▶ _Activity_
Within the listing below, the lines to output run from the one containing "Hello and welcome" through the one containing "This Pultec is"; copy them exactly and nothing else.

===== Task input

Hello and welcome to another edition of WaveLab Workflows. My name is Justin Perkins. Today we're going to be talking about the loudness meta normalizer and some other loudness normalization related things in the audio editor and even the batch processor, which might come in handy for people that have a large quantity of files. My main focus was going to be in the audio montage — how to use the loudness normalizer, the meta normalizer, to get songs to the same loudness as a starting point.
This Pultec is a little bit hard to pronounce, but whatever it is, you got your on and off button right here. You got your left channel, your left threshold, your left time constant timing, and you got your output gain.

==========
===== Task input

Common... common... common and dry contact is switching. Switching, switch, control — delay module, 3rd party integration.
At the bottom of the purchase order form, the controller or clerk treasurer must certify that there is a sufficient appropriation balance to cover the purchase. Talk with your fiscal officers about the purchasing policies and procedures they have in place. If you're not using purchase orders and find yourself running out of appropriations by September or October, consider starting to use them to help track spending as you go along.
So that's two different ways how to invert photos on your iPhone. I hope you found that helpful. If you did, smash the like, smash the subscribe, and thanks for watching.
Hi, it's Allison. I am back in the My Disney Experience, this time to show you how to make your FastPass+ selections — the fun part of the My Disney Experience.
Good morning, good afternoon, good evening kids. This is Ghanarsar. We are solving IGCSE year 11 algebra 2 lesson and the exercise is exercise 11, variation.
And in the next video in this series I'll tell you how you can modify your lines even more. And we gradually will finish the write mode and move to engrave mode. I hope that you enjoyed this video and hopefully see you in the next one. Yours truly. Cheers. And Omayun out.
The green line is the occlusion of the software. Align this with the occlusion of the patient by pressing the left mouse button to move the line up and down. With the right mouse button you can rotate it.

==========

▶ _Response to this exercise_
Hello and welcome to another edition of WaveLab Workflows. My name is Justin Perkins. Today we're going to be talking about the loudness meta normalizer and some other loudness normalization related things in the audio editor and even the batch processor, which might come in handy for people that have a large quantity of files. My main focus was going to be in the audio montage — how to use the loudness normalizer, the meta normalizer, to get songs to the same loudness as a starting point.
This Pultec is a little bit hard to pronounce, but whatever it is, you got your on and off button right here. You got your left channel, your left threshold, your left time constant timing, and you got your output gain.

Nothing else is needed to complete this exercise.